WORK INSTRUCTION:
Set down the entries below exactly; drop the pictures.

--- START ---

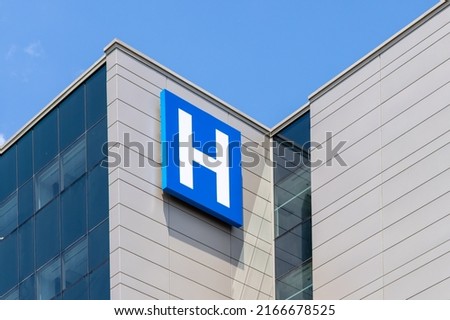 The blue and white letter H sign on a modern hospital building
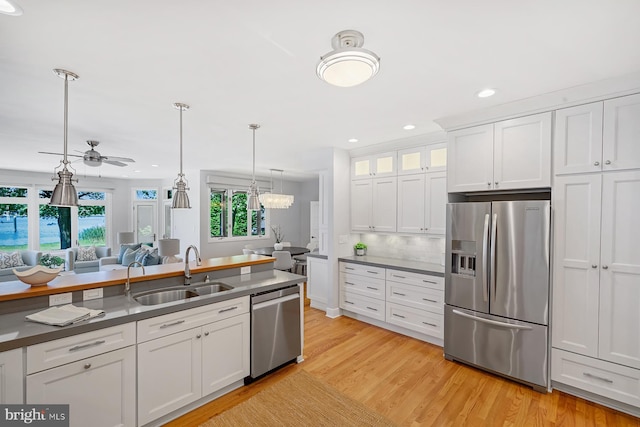 3442 Rockway Ave, Annapolis, MD 21403 - kitchen featuring appliances with stainless steel finishes, a sink, a ceiling fan, white cabinetry, and light wood-type flooring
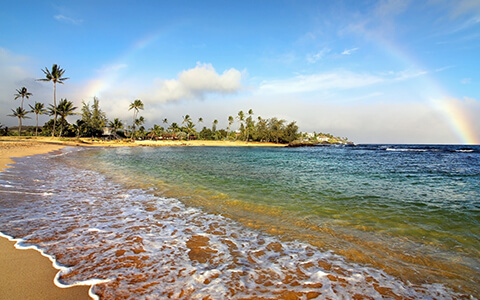 Aerial view of beach with rainbow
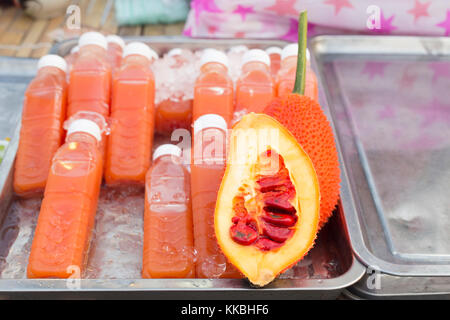 Gac fruit juice, also known as red melon, baby jackfruit, spiny bitter gourd, sweet gourd or cochinchin gourd, Momordica Cochinchinensis, on sale at a Stock Photo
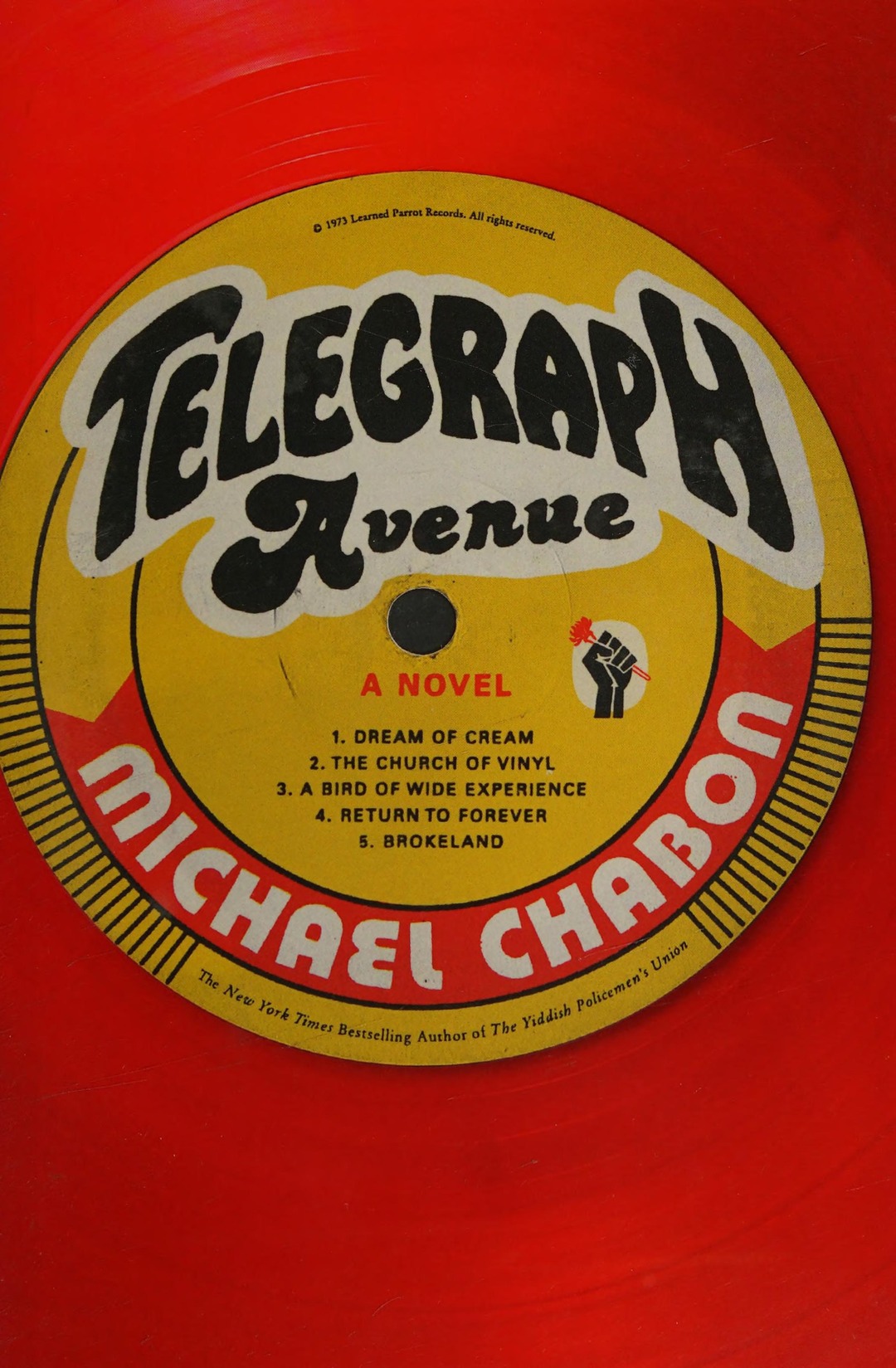 Book cover designed as a red vinyl record with a yellow label reading ‘Telegraph Avenue’ and ‘Michael Chabon’.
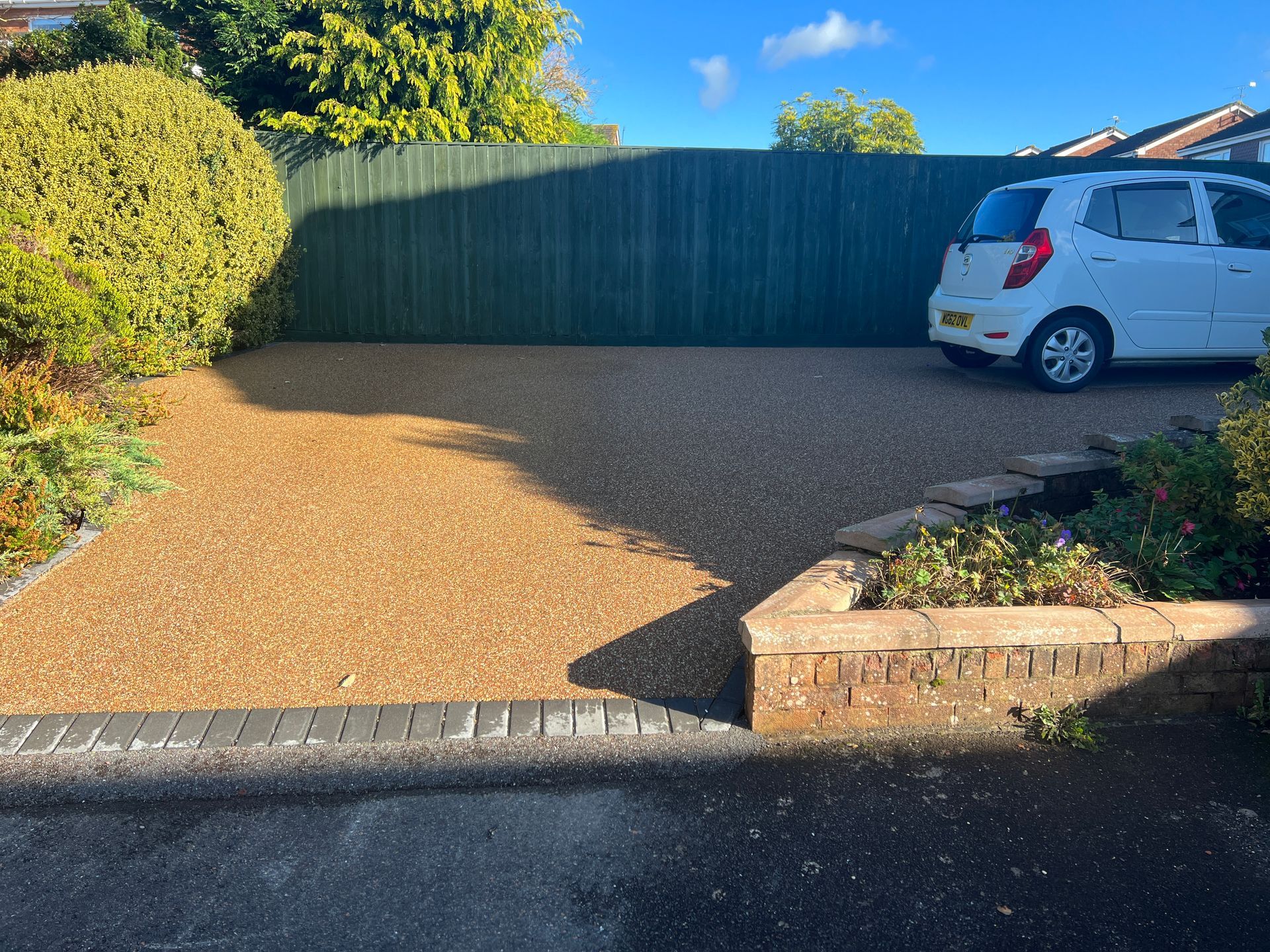 Light brown resin driveway with a white car parked on it.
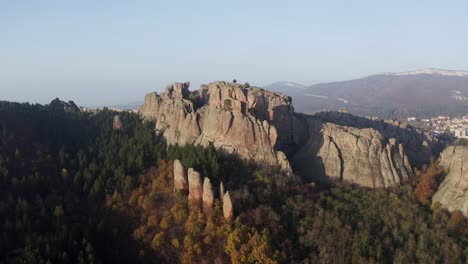 Zipline-aerial-drone-shot-of-the-natural-sculptural-rock-formations-of-Belogradchik-cliffs,-situated-in-the-province-of-Vidin-in-Northwesten-Bulgaria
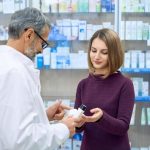 pharmacist-helping-woman-medicine-choice_651396-1235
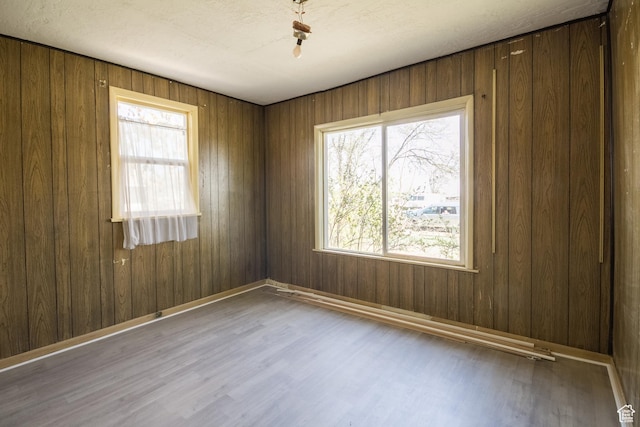 unfurnished room featuring baseboards and wood finished floors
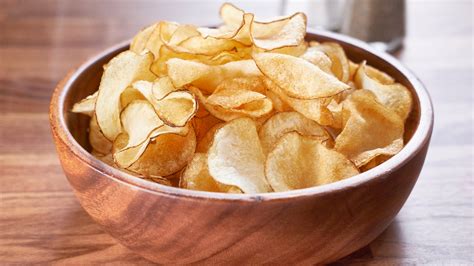 Chips salt & vinegar. In a large bowl add oil, salt, and vinegar and mix around. Coat each piece lightly with mixture. Place the pieces on the dehydrator racks. Make sure they do not overlap each other or they will not dry right. Place the lid on and dehydrate for 7-10 hours on 130 degrees. The chips will be dry and crisp when they are done. 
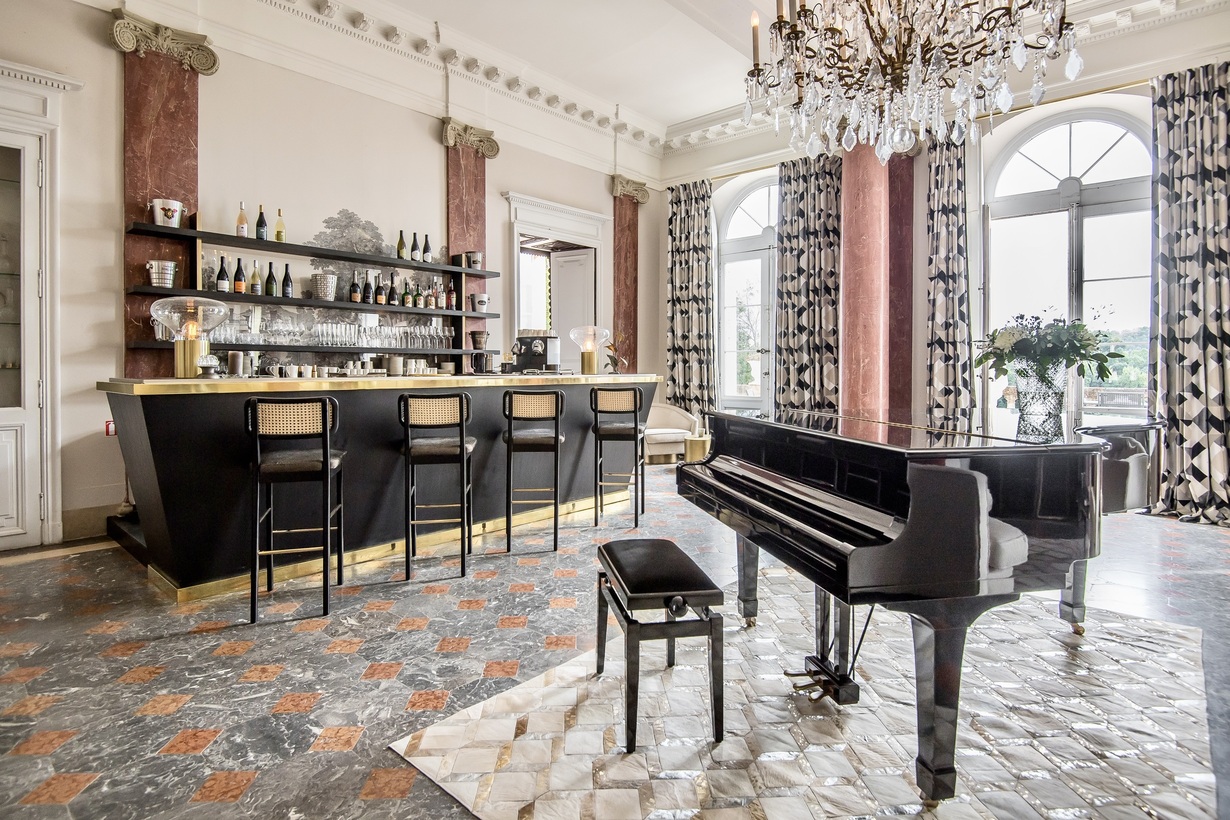 Bar and piano living room at luxury chateau in France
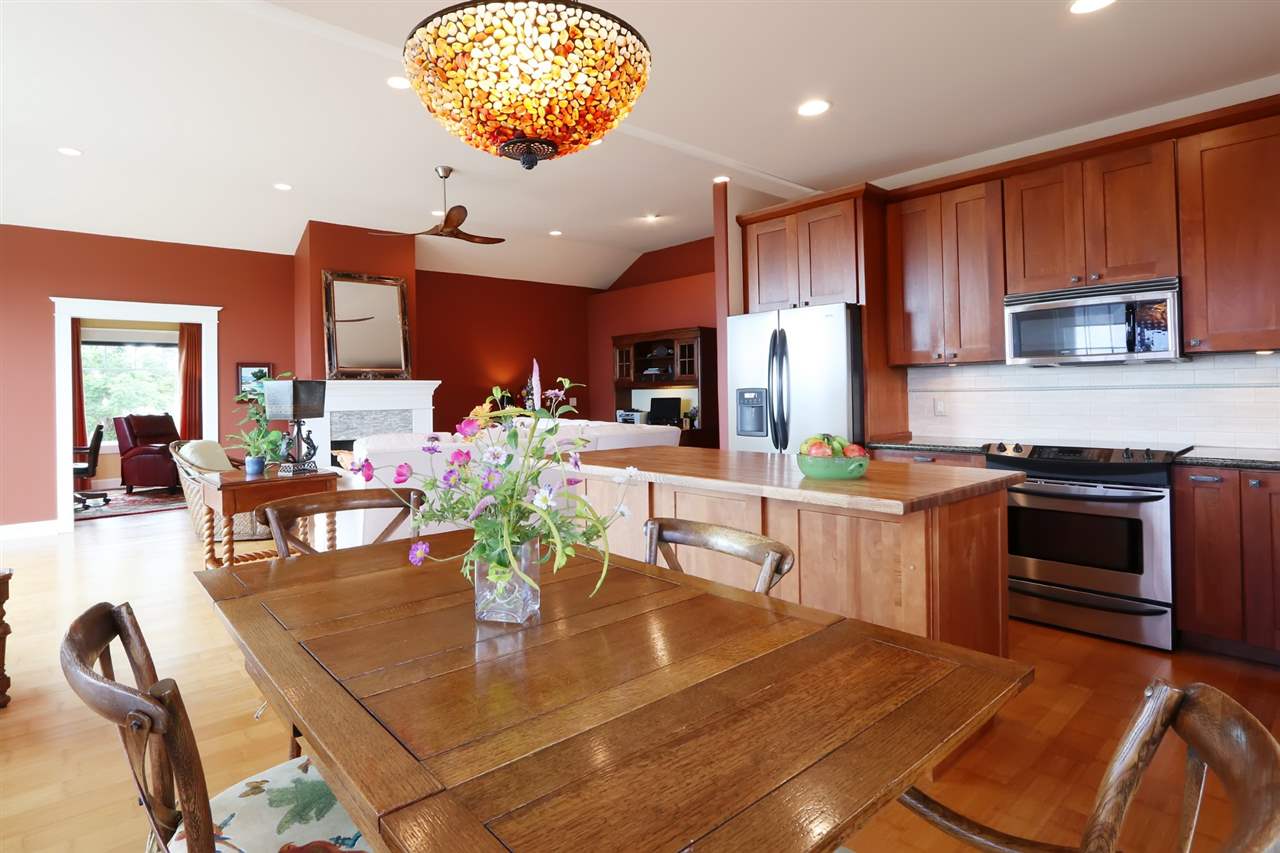 1268 Lower Kimo Drive Kula, HI 96790 - Photo 6 of 30 a kitchen with stainless steel appliances granite countertop a stove top oven a sink dishwasher a dining table and chairs with wooden floor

--- END ---

EXPECTED OUTPUT:
 The blue and white letter H sign on a modern hospital building
 3442 Rockway Ave, Annapolis, MD 21403 - kitchen featuring appliances with stainless steel finishes, a sink, a ceiling fan, white cabinetry, and light wood-type flooring
 Aerial view of beach with rainbow
 Gac fruit juice, also known as red melon, baby jackfruit, spiny bitter gourd, sweet gourd or cochinchin gourd, Momordica Cochinchinensis, on sale at a Stock Photo
 Book cover designed as a red vinyl record with a yellow label reading ‘Telegraph Avenue’ and ‘Michael Chabon’.
 Light brown resin driveway with a white car parked on it.
 Zipline-aerial-drone-shot-of-the-natural-sculptural-rock-formations-of-Belogradchik-cliffs,-situated-in-the-province-of-Vidin-in-Northwesten-Bulgaria
 pharmacist-helping-woman-medicine-choice_651396-1235
 unfurnished room featuring baseboards and wood finished floors
 Chips salt & vinegar. In a large bowl add oil, salt, and vinegar and mix around. Coat each piece lightly with mixture. Place the pieces on the dehydrator racks. Make sure they do not overlap each other or they will not dry right. Place the lid on and dehydrate for 7-10 hours on 130 degrees. The chips will be dry and crisp when they are done. 
 Bar and piano living room at luxury chateau in France
 1268 Lower Kimo Drive Kula, HI 96790 - Photo 6 of 30 a kitchen with stainless steel appliances granite countertop a stove top oven a sink dishwasher a dining table and chairs with wooden floor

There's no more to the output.